Health is a right!

OpinionHealth is a right!

At the end of 2020, when the vaccination against covid-19 had not started in Colombia, and the cases of infection were at their highest peak worldwide, the World Trade Organization (WTO) failed to reach an agreement on the exemption to the intellectual property rights of vaccines against covid-19, initiative promoted by countries such as India, Kenya, Mozambique. This regrettable failure minimized opportunities to rapidly multiply vaccine manufacturing sites and boost supply to vulnerable nations. It is important to mention that, the main opponents of the exemption of intellectual property rights promote a profitable business model, which only favors pharmaceutical groups, leaving aside the sense of social justice.

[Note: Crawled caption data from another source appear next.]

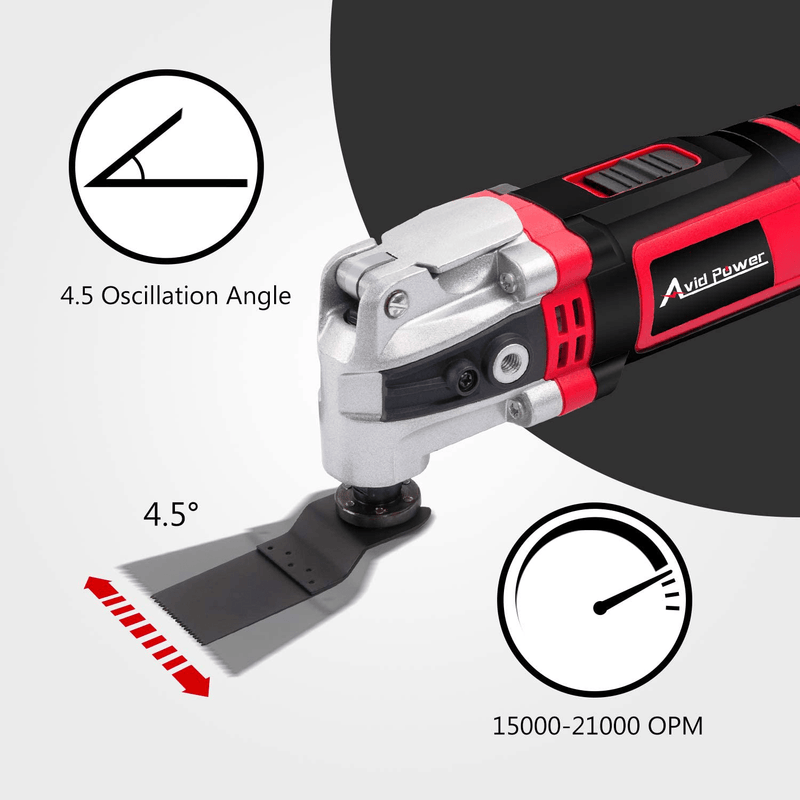 AVID POWER Oscillating Tool, 3.5-Amp Oscillating Multi Tool with 4.5°Oscillation Angle, 6 Variable Speeds and 13pcs Saw Accessories, Auxiliary Handle and Carrying Bag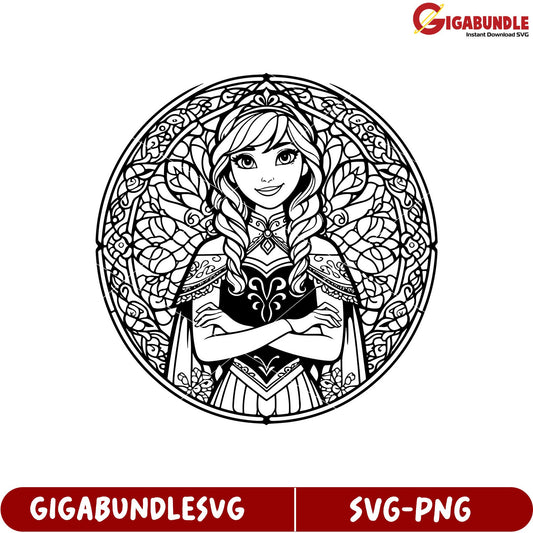 Beautiful Princess Character SVG Design for Creative Projects Download
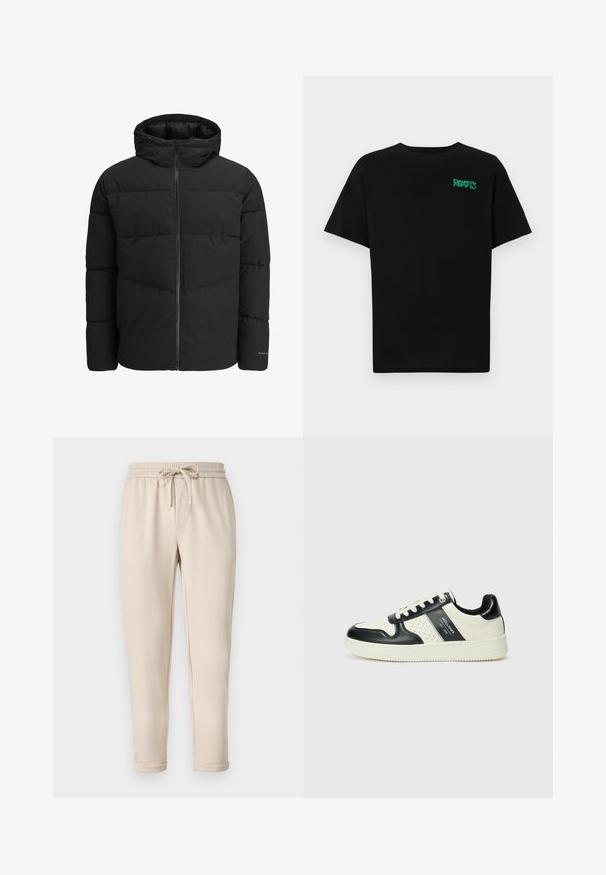Schwarze Steppjacke mit Reißverschluss vorne, angeschnittener Kapuze, gestepptem Design und elastischen Bündchen. Mit subtiler Logoapplikation am Ärmel.; Schwarzes T-Shirt aus Baumwolle mit kurzen Ärmeln. Auf der Vorderseite befindet sich ein grünes "ROOTS"-Logo, es hat einen runden Halsauschnitt und eine normale Passform.; Beige Jogginghosen mit elastischem Bund und Kordelzug, seitlichen Taschen und schmal zulaufenden Knöcheln. Glatte Textur, lässiges Design.; Leder-Sneaker in Schwarz- und Cremetönen, mit perforierten Akzenten, einem gepolsterten Kragen und einer strukturierten Laufsohle.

On May the 5th, 2021, The United States made a historic statement where it reported that it supports the proposal to use this exemption, also provided in the WTO chapter on intellectual property rights, to facilitate the manufacture of vaccines against Covid 19, in any country. Katherine Tai, US Trade Representative noted: “These extraordinary times and circumstances call for extraordinary measures. The United States supports the exemption of intellectual protection in covid-19 vaccines to help end the pandemic and we will actively participate in negotiations to make that happen.” This position has prompted similar reactions from European countries.

Different organizations and experts have spoken about the support that this type of proposal should have, in order to make the Human Right to Health effective. For Margarita Flórez, Director of Asociación Ambiente y Sociedad, the decision of the Biden’s Government is encouraging to extend and achieve a more accelerated vaccination process. Any progress made around stopping the pandemic and joining work between nations to this end, provides an opportunity to face this public health risks. Hopefully, the support of The United States’ Government will yield positive results.

Enrique Daza (Director of Cedetrabajo) expanded the vision on this international statement, explaining that: “Biden was right in asking that vaccines are not governed by intellectual property rights.” He said, “The President chose the longer path late!” Since this request was being made by India, South Africa and other countries to make vaccines a universal public good ”. He also mentions, “I doubt Biden’s ability to break the gigantic “lobby” of pharmaceutical companies that has immense power, not only in the United States but also throughout the world power that is capable of bending any country in Europe, preventing a consensus within the WTO”.

The private and economic interests behind the vaccines that are expressed in a “closed contract”, far from the citizen scrutiny, must draw the attention to citizen demands for the Colombian government to change its cautious and silent stance at the WTO. Colombia must move away from the fear of jeopardizing the acquisition of vaccines and the National Immunization Plan through bilateral mechanisms with large pharmaceutical companies. The right to health must be a priority, and fears do not proceed, since the exemption is a mechanism provided in commercial legislation in the grounds of a pandemic never seen before.